Study shows for most, long-COVID symptoms persist into second year

A new study based on German long-COVID patients shows 68% experience the same symptoms in year 2 as in year 1 of the chronic condition. The study, published yesterday in PLoS Medicine, adds to the current understanding of the long-term prognosis of post-COVID-19 syndrome (PCS).

The nested population-based case-control study compared 982 people ages 18 to 65 years diagnosed as having self-assessed long COVID to 576 control patients who did not have the condition.

Study participants underwent neurocognitive, cardiopulmonary exercise, and laboratory testing an average of 9.1 months (phase 2) after initial long COVID assessment. The mean age of the patients was 48 years, and 65% were female.

Phase 1 of the study was 6 to 12 months after infection, while phase 2 was a median of 8.5 months after that (range, 3 to 14 months).

Two thirds (67.6%) of the 982 participants with PCS in phase 1 were considered to have persistent PCS (according to the authors' working definition) after the phase 2 clinical assessment, the authors said. Most of the 32% of long-COVID patients who reported an improvement at follow-up during phase 2 did not fully recover.

During the tests, post-exertional malaise, or exercise intolerance, was seen in 35.6% of participants with long COVID. Symptoms compatible with myalgic encephalomyelitis/chronic fatigue syndrome were seen in 11.6% of persistent PCS patients.

During exercise tests, people with long COVID had significant reductions in handgrip strength, maximal oxygen consumption, and ventilatory efficiency (how well the body exchanges oxygen). Almost half of the long-COVID patients reported breathlessness as a moderate-to-severe symptom.

In the majority of patients, PCS symptoms did not improve in the second year of their illness.

"In the majority of patients, PCS symptoms did not improve in the second year of their illness and typically continued to include fatigue and measurable exercise intolerance and cognition deficits, but there seems to be no major pathology in laboratory investigations," the authors wrote.

Patients with persistent PCS were less frequently never smokers (61.2% versus 75.7%), more often obese (30.2% versus 12.4%) with higher mean values for body mass index and body fat, and had lower educational status (university entrance qualification 38.7% versus 61.5%), according to the authors.

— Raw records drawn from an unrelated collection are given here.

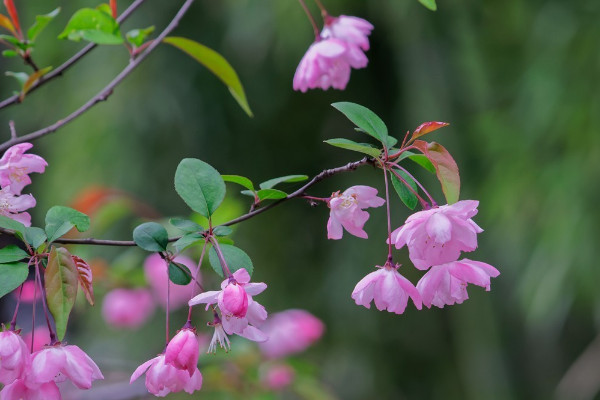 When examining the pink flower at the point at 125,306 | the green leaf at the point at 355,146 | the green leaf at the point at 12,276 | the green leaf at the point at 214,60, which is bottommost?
the pink flower at the point at 125,306

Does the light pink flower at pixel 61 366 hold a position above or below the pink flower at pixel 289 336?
above

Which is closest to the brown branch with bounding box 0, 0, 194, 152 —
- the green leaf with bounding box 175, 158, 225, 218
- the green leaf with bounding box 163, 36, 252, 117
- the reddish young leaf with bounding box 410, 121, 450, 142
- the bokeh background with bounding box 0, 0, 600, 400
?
the green leaf with bounding box 163, 36, 252, 117

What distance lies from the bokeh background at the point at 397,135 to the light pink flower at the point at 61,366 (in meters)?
1.13

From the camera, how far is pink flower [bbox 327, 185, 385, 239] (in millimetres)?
424

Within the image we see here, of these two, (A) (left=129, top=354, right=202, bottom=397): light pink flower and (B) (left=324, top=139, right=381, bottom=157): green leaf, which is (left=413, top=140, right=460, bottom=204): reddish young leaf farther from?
(A) (left=129, top=354, right=202, bottom=397): light pink flower

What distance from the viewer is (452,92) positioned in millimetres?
1847

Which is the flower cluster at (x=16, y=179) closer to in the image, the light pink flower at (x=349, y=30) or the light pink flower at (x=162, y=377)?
the light pink flower at (x=162, y=377)

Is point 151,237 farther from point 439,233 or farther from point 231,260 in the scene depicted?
point 439,233

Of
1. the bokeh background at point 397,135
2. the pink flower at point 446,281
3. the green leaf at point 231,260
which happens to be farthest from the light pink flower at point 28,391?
the bokeh background at point 397,135

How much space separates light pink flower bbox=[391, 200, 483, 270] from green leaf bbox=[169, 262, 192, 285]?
4.9 inches

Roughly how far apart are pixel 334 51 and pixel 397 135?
1530mm

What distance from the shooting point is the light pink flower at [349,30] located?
0.50m

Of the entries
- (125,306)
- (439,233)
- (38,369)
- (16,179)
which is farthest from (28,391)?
(125,306)

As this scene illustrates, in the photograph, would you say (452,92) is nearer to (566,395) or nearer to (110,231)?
(566,395) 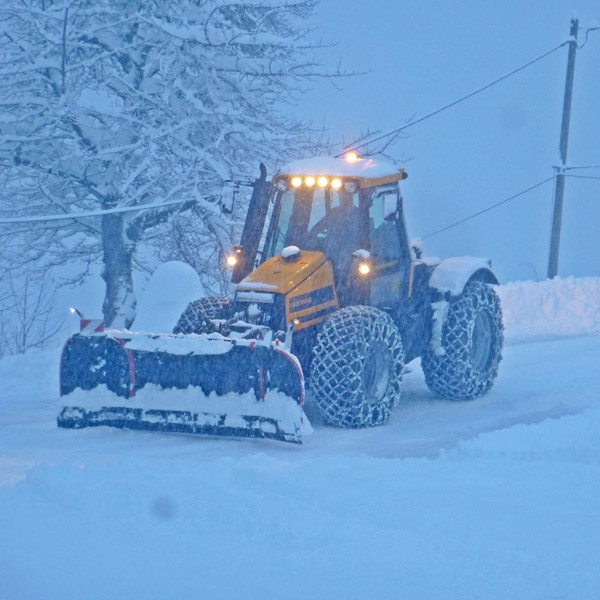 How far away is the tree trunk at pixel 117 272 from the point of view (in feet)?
45.7

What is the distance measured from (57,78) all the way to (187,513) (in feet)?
31.7

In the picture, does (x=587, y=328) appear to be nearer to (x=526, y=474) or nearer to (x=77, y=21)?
(x=526, y=474)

"The results call for the inclusion of cognitive and exercise testing in the clinical evaluation and monitoring of patients with suspected PCS," the authors concluded.

In other long-COVID news, artificial intelligence may be able to detect a "long COVID molecular signature" in the blood of patients, according to a study based on samples taken from a cohort of Italian children.

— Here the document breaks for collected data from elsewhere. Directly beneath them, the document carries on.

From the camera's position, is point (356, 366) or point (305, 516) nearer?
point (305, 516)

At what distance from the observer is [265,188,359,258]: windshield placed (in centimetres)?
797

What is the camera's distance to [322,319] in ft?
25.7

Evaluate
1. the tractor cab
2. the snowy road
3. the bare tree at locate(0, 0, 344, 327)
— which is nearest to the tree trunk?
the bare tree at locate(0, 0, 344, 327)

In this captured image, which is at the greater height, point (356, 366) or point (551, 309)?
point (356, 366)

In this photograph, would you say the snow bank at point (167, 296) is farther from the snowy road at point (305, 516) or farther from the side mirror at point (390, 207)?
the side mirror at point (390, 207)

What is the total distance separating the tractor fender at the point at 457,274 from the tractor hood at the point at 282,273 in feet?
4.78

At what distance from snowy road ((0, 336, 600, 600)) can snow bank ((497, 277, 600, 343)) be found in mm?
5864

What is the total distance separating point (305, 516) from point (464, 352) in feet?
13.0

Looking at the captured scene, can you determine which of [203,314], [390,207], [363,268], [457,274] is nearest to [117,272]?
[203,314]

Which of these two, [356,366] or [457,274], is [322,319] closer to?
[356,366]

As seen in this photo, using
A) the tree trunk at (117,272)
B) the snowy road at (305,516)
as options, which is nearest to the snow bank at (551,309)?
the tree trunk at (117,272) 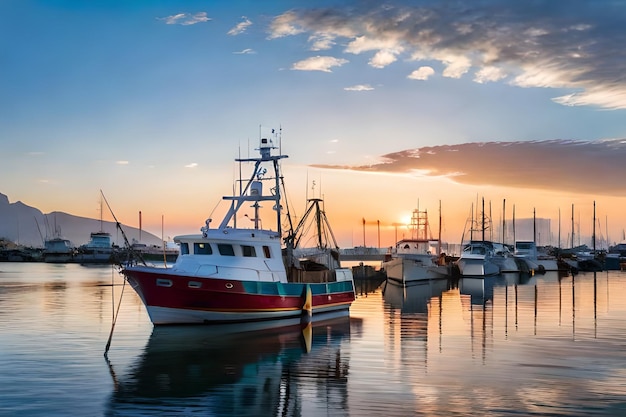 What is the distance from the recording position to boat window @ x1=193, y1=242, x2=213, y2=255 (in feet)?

The study was published today in Pediatric Research and is based on samples taken from 112 children ages 0 to 19 years. Among them, 34 had a clinical diagnosis of long COVID, 32 had an active infection at the time of the study, 27 had multisystem inflammatory syndrome (MIS-C), and 19 served as healthy controls.

An artificial intelligence model based on protein profiling was able to identify long COVID with an accuracy of 0.93, a specificity of 0.86, and a sensitivity of 0.97, the authors said.

The findings could be the basis of diagnostic tests for long COVID. Moreover, they suggest that pediatric long-COVID patients have the same pro-inflammatory blood markers seen in adult patients.